▶ [Your objective]:
Using the data below, transcribe exactly everything from the line that contains "Anthropologie Somerset Navy" down to the line that contains "Layered image proofs". Include both of those lines and none of the pictures.

▶ [Records provided]:
::::
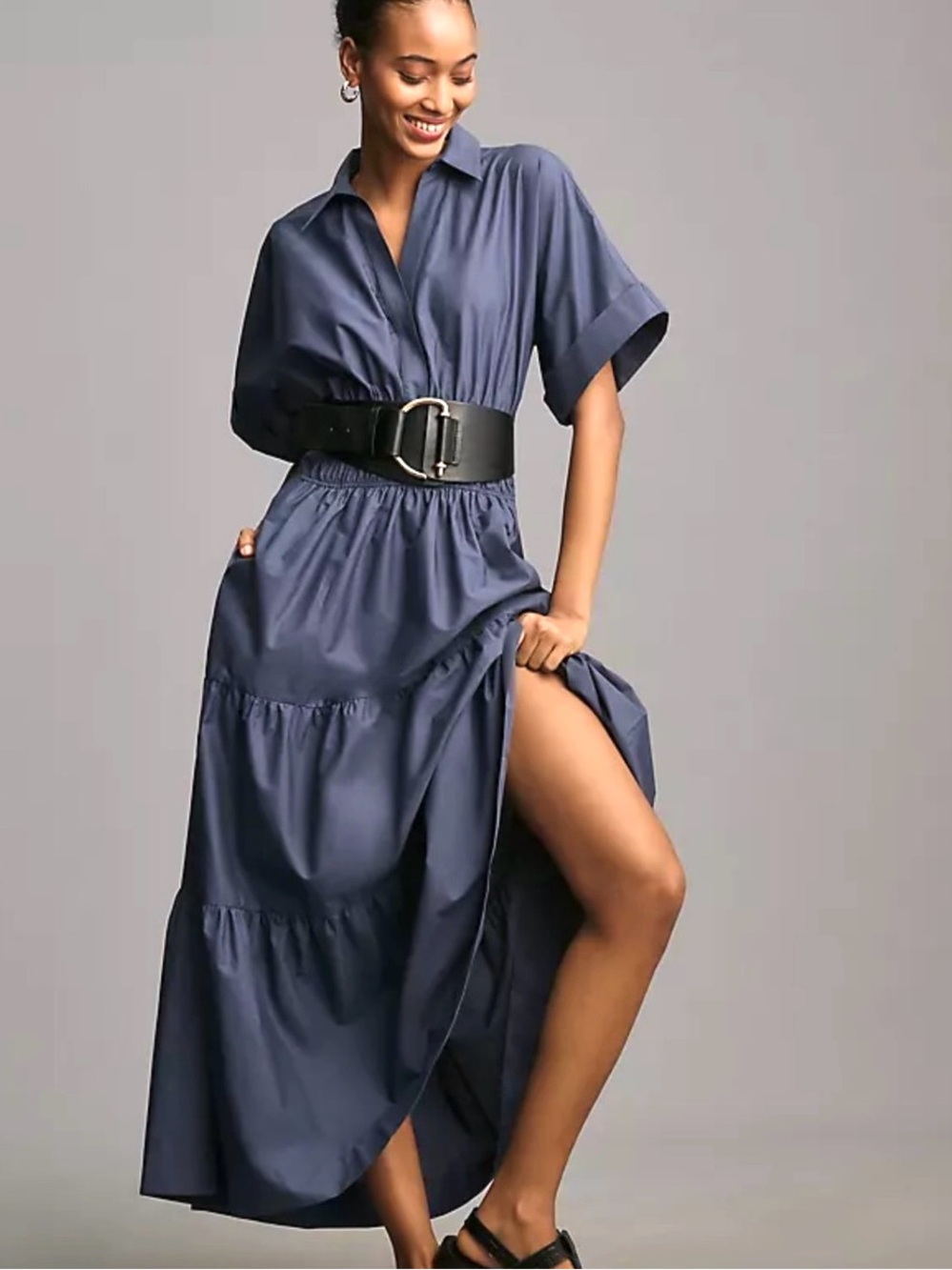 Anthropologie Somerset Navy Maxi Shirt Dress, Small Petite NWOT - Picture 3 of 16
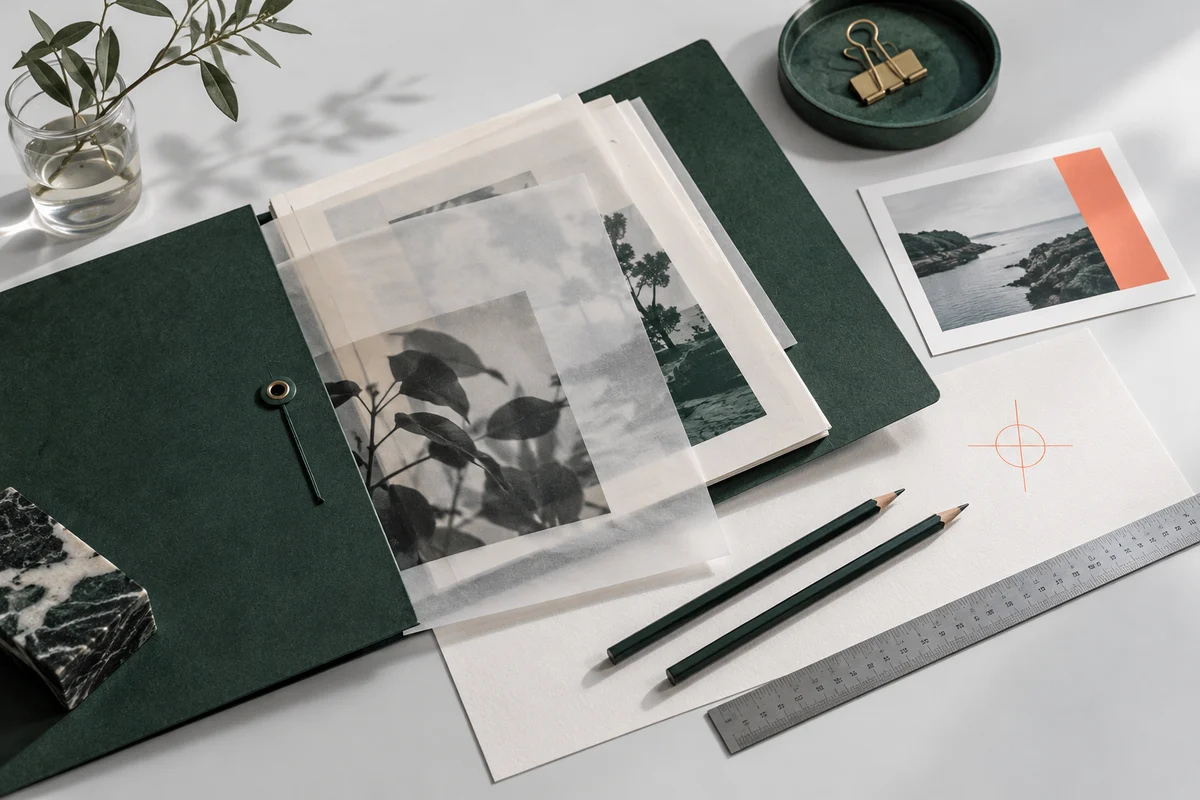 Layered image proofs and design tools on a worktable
::::
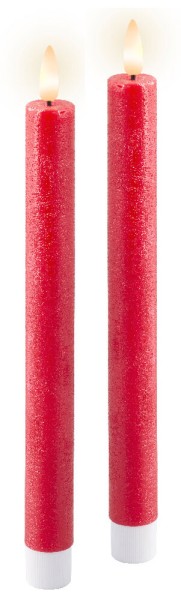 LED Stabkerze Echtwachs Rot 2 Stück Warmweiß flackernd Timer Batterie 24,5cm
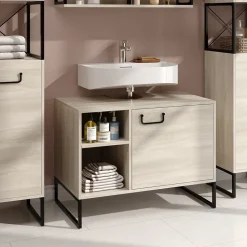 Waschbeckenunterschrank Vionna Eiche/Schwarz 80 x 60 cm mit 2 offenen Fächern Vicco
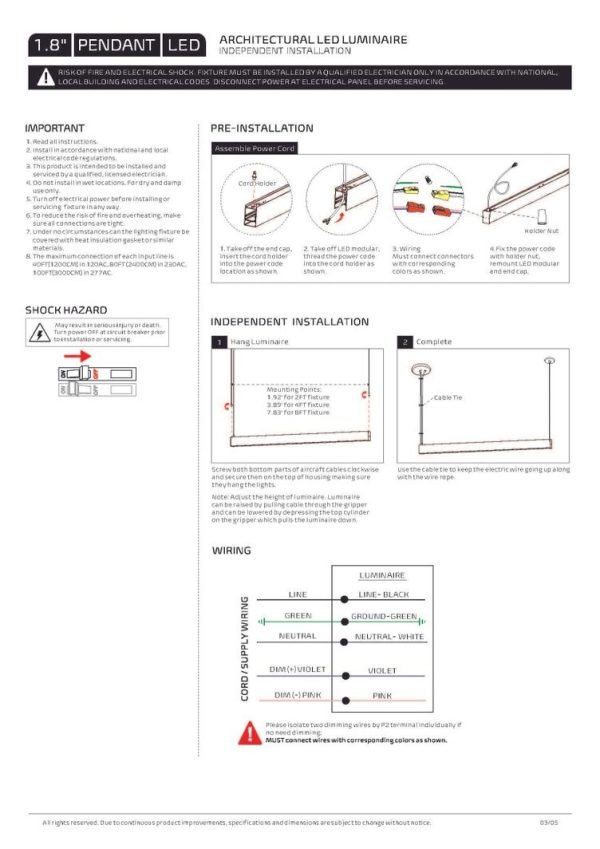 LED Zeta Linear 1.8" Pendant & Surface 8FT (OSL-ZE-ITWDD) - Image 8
::::
▶ [Output for this task]:
 Anthropologie Somerset Navy Maxi Shirt Dress, Small Petite NWOT - Picture 3 of 16
 Layered image proofs and design tools on a worktable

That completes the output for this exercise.